August 23, 2016 From rOpenSci (https://deploy-preview-304--ropensci.netlify.app/blog/2016/08/23/tokenizers-joins-ropensci/). Except where otherwise noted, content on this site is licensed under the CC-BY license.
The R package ecosystem for natural language processing has been flourishing in recent days. R packages for text analysis have usually been based on the classes provided by the NLP or tm packages. Many of them depend on Java. But recently there have been a number of new packages for text analysis in R, most notably text2vec, quanteda, and tidytext. These packages are built on top of Rcpp instead of rJava, which makes them much more reliable and portable. And instead of the classes based on NLP, which I have never thought to be particularly idiomatic for R, they use standard R data structures. The text2vec and quanteda packages both rely on the sparse matrices provided by the rock solid Matrix package. The tidytext package is idiosyncratic (in the best possible way!) for doing all of its work in data frames rather than matrices, but a data frame is about as standard as you can get. For a long time when I would recommend R to people, I had to add the caveat that they should use Python if they were primarily interested in text analysis. But now I no longer feel the need to hedge.

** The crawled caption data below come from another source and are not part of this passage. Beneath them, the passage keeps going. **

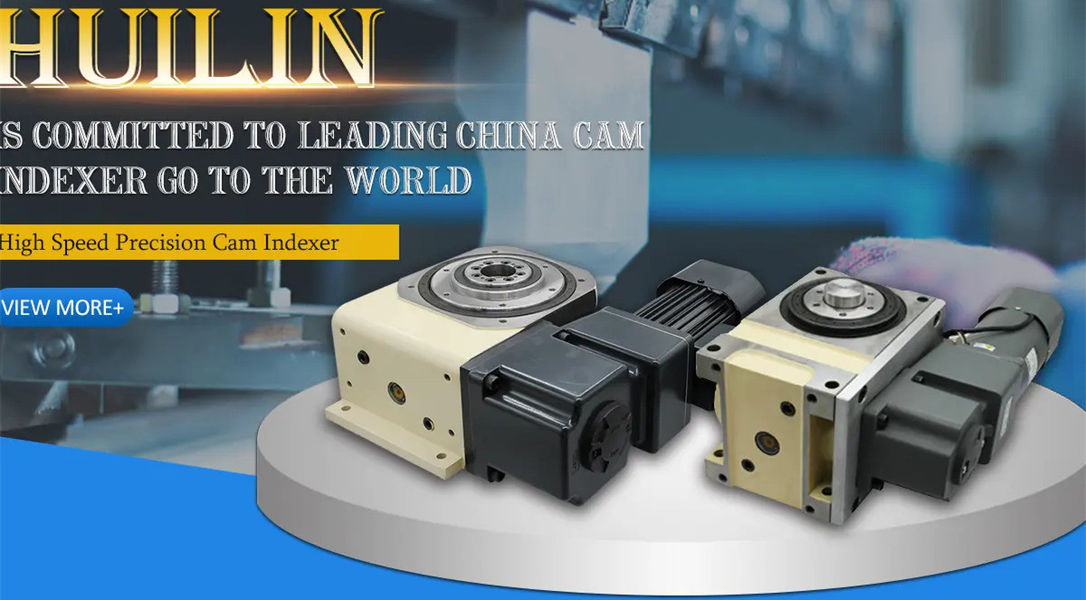 DF Cam Indexer
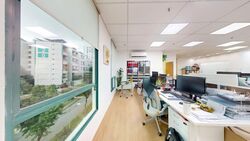 Quartz Industrial Building (D13), Factory #593494131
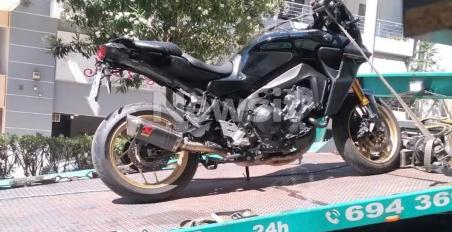 Νεκρή 25χρονη συνεπιβάτης, χαροπαλεύει 28χρονος σε τροχαίο στην Καισαριάνη – Δεν φορούσαν κράνος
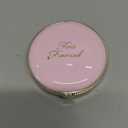 Too Faced Natural Chocolate Bronzer | Sheer-to-Medium Coverage with Natural Finish + Sun Kissed Glow (01 Golden Cocoa (Light Golden Bronze))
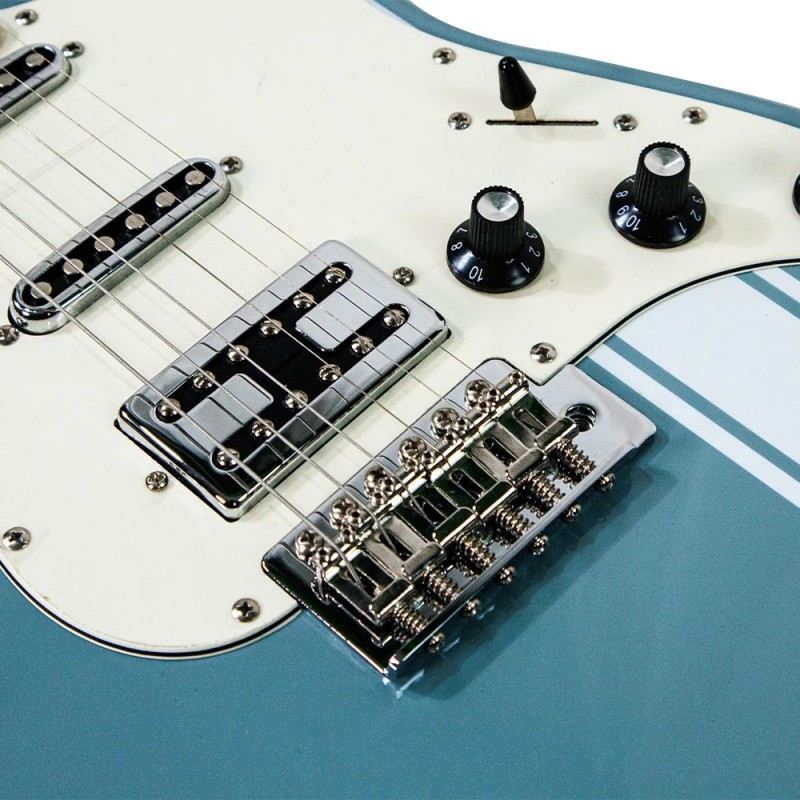 Kazuki BKZ-ZEN01-AGBG - Gitara elektryczna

Still there is a lot of duplicated effort between these packages on the one hand and a lot of incompatibilities between the packages on the other. The R ecosystem for text analysis is not exactly coherent or consistent at the moment.
My small contribution to the new text analysis ecosystem is the tokenizers package, which was recently accepted into rOpenSci after a careful peer review by Kevin Ushey. A new version of the package is on CRAN. (Also check out the Jeroen Ooms’s hunspell package, which is a part of rOpensci.)
One of the basic tasks in any NLP pipeline is turning texts (which humans can read) into tokens (which machines can compute with). For example, you might break a text into words or into n-grams. Here is an example using the former slave interviews from the Great Depression era Federal Writers' Project. (A data package with those interviews is in development here).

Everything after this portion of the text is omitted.